Krafttraining ist sein neuer Ausgleich

Seit Januar 2024 raucht Luca kein Cannabis mehr und hat sein Umfeld gewechselt. Er hat im Krafttraining einen Ausgleich für sein ADHS gefunden und seinen Hauptschulabschluss gemacht. „Ich bin tatsächlich ein sauberer Mensch geworden“, sagt er und lacht. „Mein Zimmer ist immer sauber und ich helfe im Haushalt.“

Die Veränderungen von Luca sind auch im Team von „Kopf Herz Hand“ spürbar. Naturpädagoge Silviu Heitz ist seit einem Jahr dabei und erlebte ihn von Anfang an als engagierten Schüler. Im Sportunterricht übernimmt Luca das Aufwärmtraining, beim gemeinsamen Gruppenausflug vor wenigen Wochen habe er viel beim Aufräumen und Kochen geholfen. „Luca ist ein positives Vorbild für alle“, sagt Heitz.

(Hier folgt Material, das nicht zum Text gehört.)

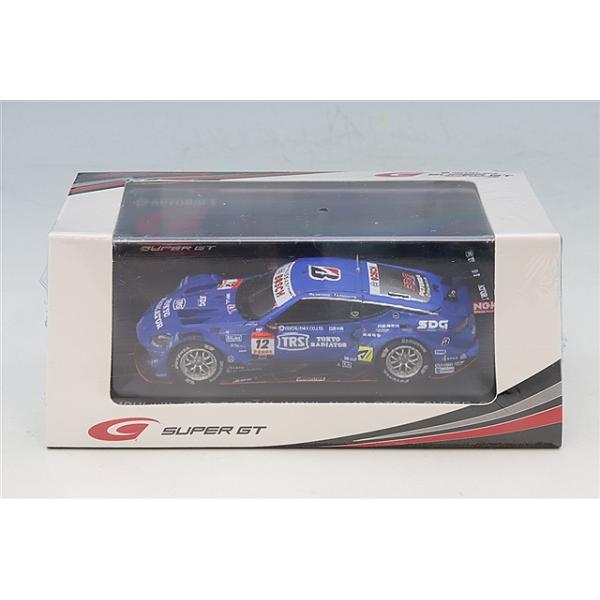 スパーク 1/64 TRS インパル with SDG Z 2025 スーパーGT GT500 #12 平峰一貴/B.バゲット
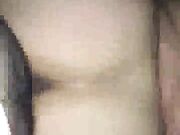 Wife Moans Under Big Black Cock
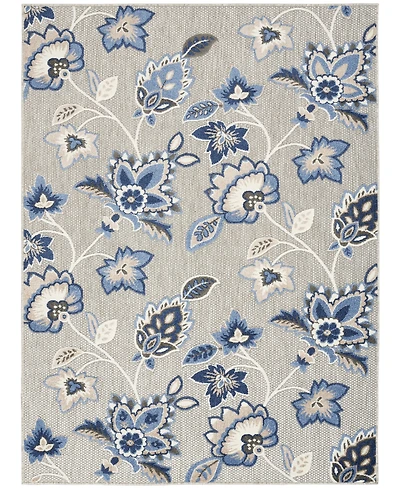 Nourison Home Aloha ALH31 7'x10' Area Rug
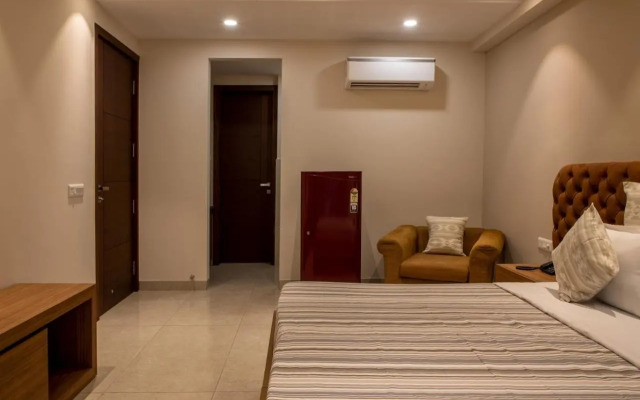 Perch Service Apartment-MG Road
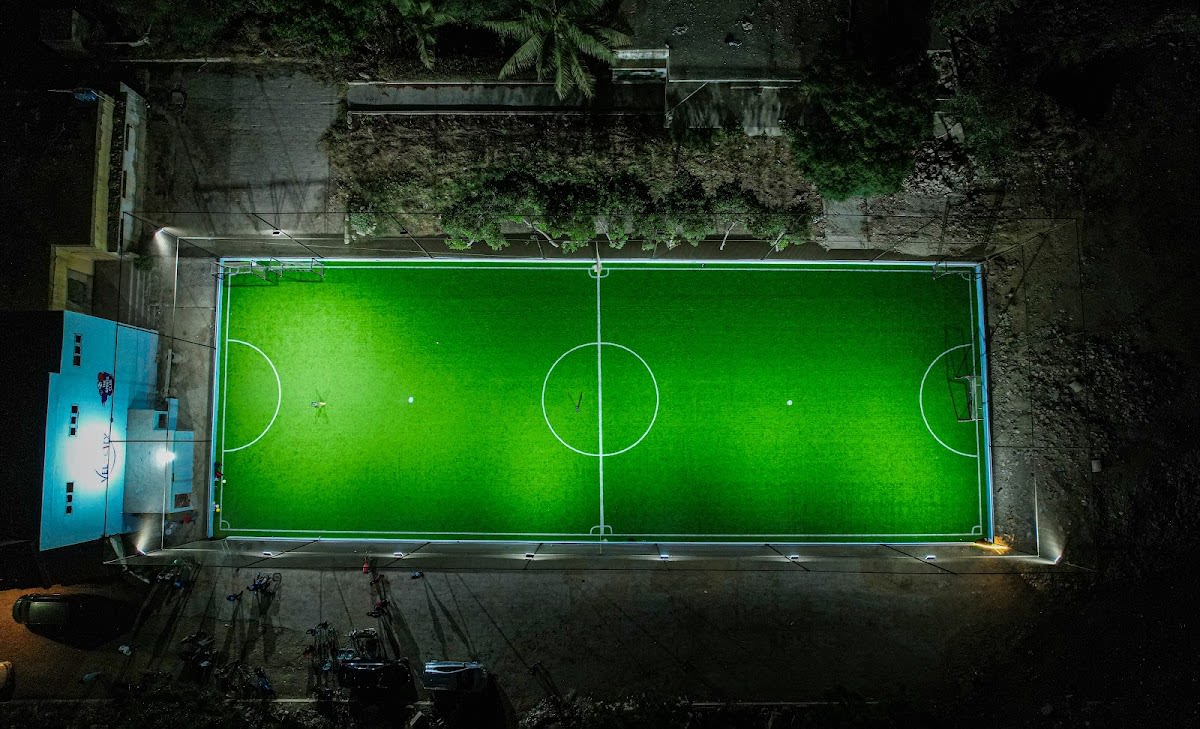Velocity by The Sports Club
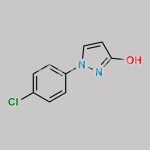 Pyraclostrobin Impurity 2 CAS#: 76205-19-1
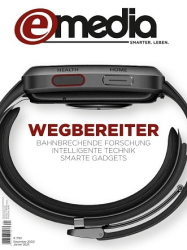 : eMedia - Hardware Software Internet - Magazin Nr 12 Dezember 2022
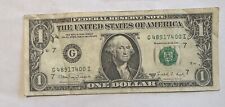 1988a Series $1 Note us Vintage Paper Currency One Dollar Bill48917400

Als Naturpädagoge ist Silviu Heitz viel mit den Jugendlichen draußen. Den Garten haben die Schüler selbst angelegt.
Als Naturpädagoge ist Silviu Heitz viel mit den Jugendlichen draußen. Den Garten haben die Schüler selbst angelegt. | Bild: Lisa Sperlich

„Ohne Bindung keine Bildung“

„Kopf Herz Hand“ unterscheidet sich deutlich von anderen Schulen: Es gibt keine Jahrgangsstufen, keinen Stundenplan. Stattdessen arbeiten die Jugendlichen vormittags und nachmittags jeweils zwei Stunden – sei es fachlich, kreativ oder handwerklich. Das Team richtet sich nach den individuellen Schwächen und Stärken. „Wir fangen dort an, wo die Lücken sind“, sagt Leiter Jens Weigand. „Und wenn es einfaches Plusrechnen ist.“

Silviu Heitz (links) und Jens Weigand (rechts) haben Luca Macris Entwicklung begleitet.
Silviu Heitz (links) und Jens Weigand (rechts) haben Luca Macris Entwicklung begleitet. | Bild: Lisa Sperlich

Manchmal geht es auch einfach raus an die frische Luft – ein Baustein für die Beziehungsarbeit, wie Weigand erklärt. Denn im Vordergrund stehe der Zugang zu den Jugendlichen, bevor es an die Arbeit geht. „Man kann fast schon sagen: ohne Bindung keine Bildung.“

Nicht immer ist der Schulabschluss das angestrebte Ziel. Manchmal gehe es auch darum, junge Menschen langsam in die Arbeitswelt einzugliedern, wie Jens Weigand erklärt. Dass das Projekt nicht mit dem Schulabschluss endet, durfte auch Luca erfahren. Nachdem es bei ihm nicht sofort mit einer Ausbildungsstelle geklappt hat, ist Luca immer noch regelmäßig zum Team gekommen. Dort haben ihn Jens Weigand und seine Kollegen bei der Stellensuche und den Bewerbungen unterstützt.

Jetzt startet für ihn das Berufsleben

Für Luca ist es jetzt soweit: Er beginnt eine Ausbildung zum Koch in einem Häfler Restaurant. Für die Zukunft hat er klare Pläne: „Erstmal will ich die Ausbildung schaffen und danach ein paar Jahre in Deutschland, Italien und Griechenland arbeiten.“ Sein Traum: Eines Tages auf einem Kreuzfahrtschiff kochen.